Las fuerzas del mal

Puertas al campo

Enrique Olcina

Enrique Olcina

Imagínese la casa de sus sueños, en todo su esplendor, es posible que incluso esté viviendo en ella. Quiero que también se imagine que comienzan a hacer una obra allí cerca y levantan tres grandes chimeneas, o cuatro, o cinco o siete. Ya es demasiado tarde, imagínese, cuando aquellas chimeneas empiezan a echar humo. Resulta que le han colocado al lado de casa unos altos hornos.

Al principio es poco a poco, pero luego eso ruge, día y noche, como la antesala del infierno.
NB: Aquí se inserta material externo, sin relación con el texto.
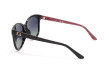 Сонцезахисні окуляри GUESS GU7920 01D  smoke polarized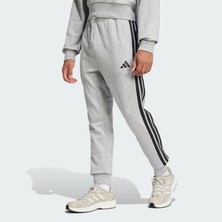 Adidas Sportswear JE6346 Essential 3-Stripes French Terry Pants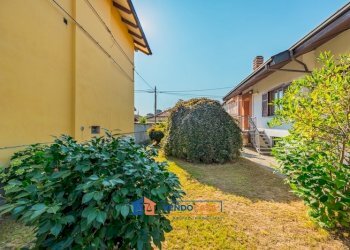 Independent house Carignano - photo 9
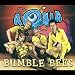Bumble Bees, Pt. 1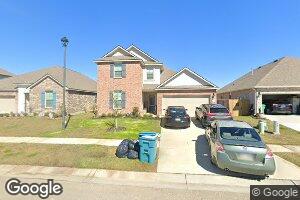 1474 Banks View St, Slidell, LA 70461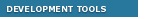 Development Tools
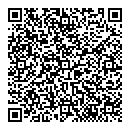 QR код "Ока-Волга"
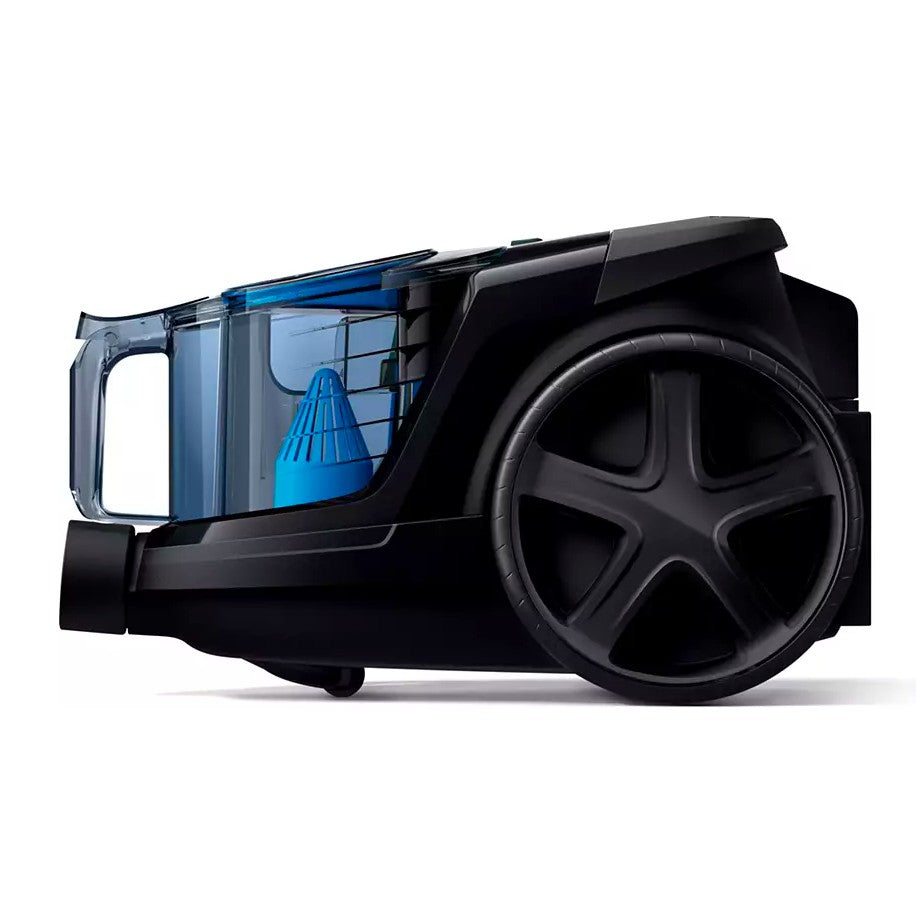 Philips PowerPro Compact Bagless Vacuum Cleaner FC9350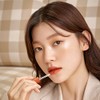 HOLIKAHOLIKA HOLIKA HOLIKA Butter Blurtint Korean Cosmetics (Solted)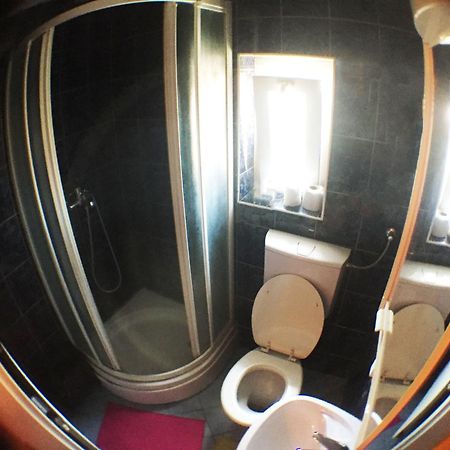Guest House Pikapolonca Марибор Номер фото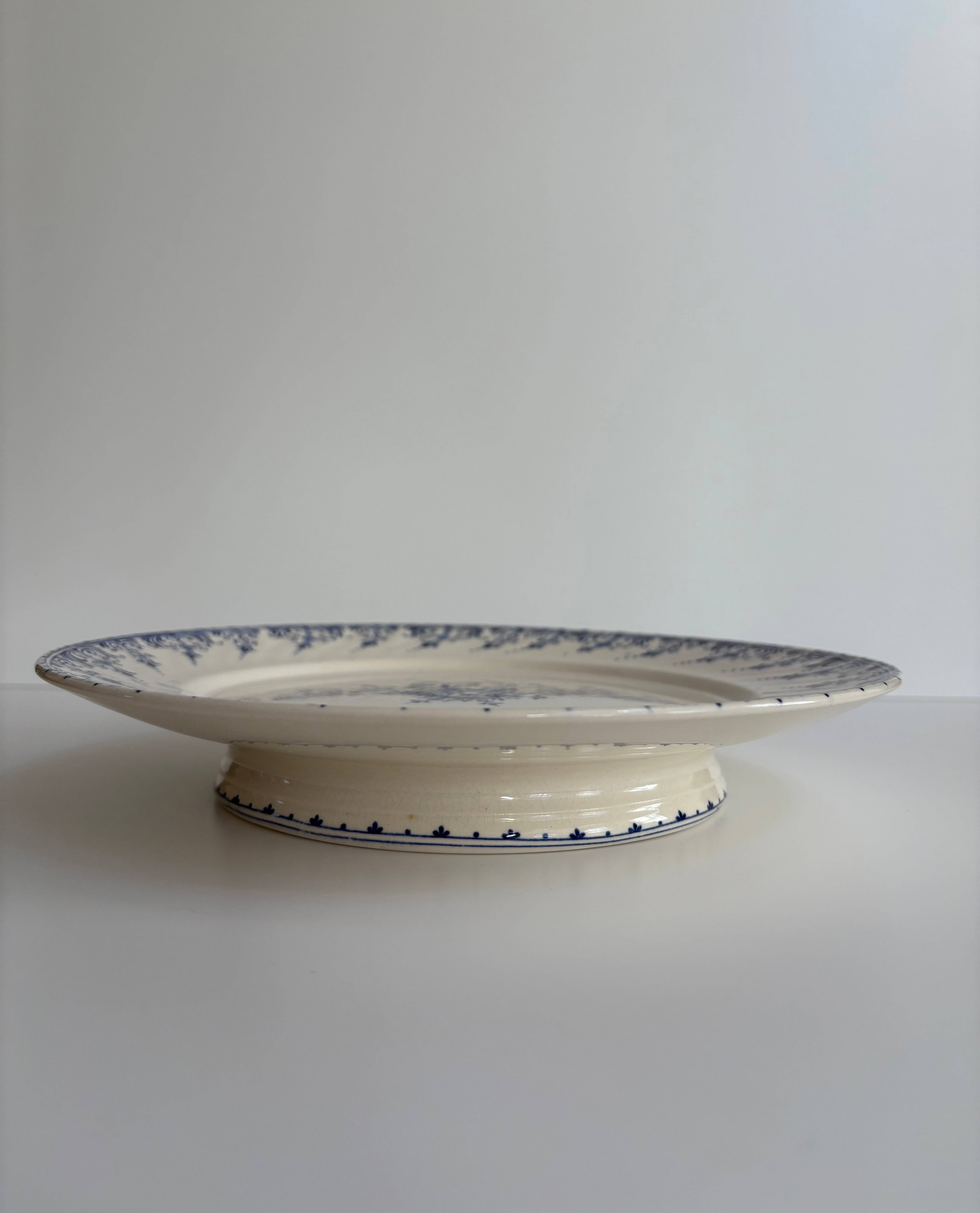 sarreguemines 高台　すぐりの実　グロゼイユ　コンポティエ　フランス sarreguemines 高台 すぐりの実 グロゼイユ コンポティエ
Su coqueto jardín, lleno de ceniza y alrededor de su antes tranquilo, idílico, plácido vecindario se van construyendo bloques grises para albergar la ingente cantidad de trabajadores que esos altos hornos necesitan. Trabajadores que hablan una lengua extraña, comen cosas extrañas y tienen costumbres extrañas pero que vienen a trabajar atraídos por los altos hornos. Gente extraña, aire contaminado y agua con escoria de esa fundición que trabaja día y noche y que le lleva a la puerta de su casa tráfico pesado con carbón, mucho carbón, que se convierte en ceniza, que contamina el aire, que apaga su jardín. Y su vida.
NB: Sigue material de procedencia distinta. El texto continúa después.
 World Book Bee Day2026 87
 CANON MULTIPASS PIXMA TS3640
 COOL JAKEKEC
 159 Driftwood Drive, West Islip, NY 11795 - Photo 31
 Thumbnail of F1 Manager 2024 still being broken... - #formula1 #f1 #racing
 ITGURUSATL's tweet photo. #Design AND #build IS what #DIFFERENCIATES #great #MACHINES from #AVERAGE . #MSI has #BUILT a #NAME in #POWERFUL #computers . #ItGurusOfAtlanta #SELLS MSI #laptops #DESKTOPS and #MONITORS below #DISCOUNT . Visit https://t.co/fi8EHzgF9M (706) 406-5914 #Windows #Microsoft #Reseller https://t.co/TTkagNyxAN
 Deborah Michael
Usted intenta primero hablar con los de la fábrica pero el encargado le recibe con una machota, un martillo de proporciones wagnerianas dispuesto a ser usado en cualquier momento de la conversación. Desalentado, usted va a hablar con la autoridad para que cumplan las ordenanzas de industria, porque usted estaba ahí antes y ese no era terreno industrial. La administración lo mira a usted y observa al mismo tiempo los impuestos y tasas que esa nueva gente aporta, y cómo incluso algunos esos extranjeros votan, también calcula los votos y usted siente que le están dando largas y disculpas. Lo sabe porque ve a esa misma administración haciéndose fotos muy lúcidas con los prebostes de esas empresas, a los que llama sal de la tierra y columna vertebral de la comunidad, porque hacen vigas de acero imprescindibles para la construcción.

Imagínese que ha vendido la casa de sus sueños por una ruina y se compra otra, hecha con las vigas de esos altos hornos, y que un día esas vigas colapsan porque el gobierno permitió comercializarlas a pesar de que el acero no era el adecuado. La casa se cae, y usted es posible que esté bajo los escombros.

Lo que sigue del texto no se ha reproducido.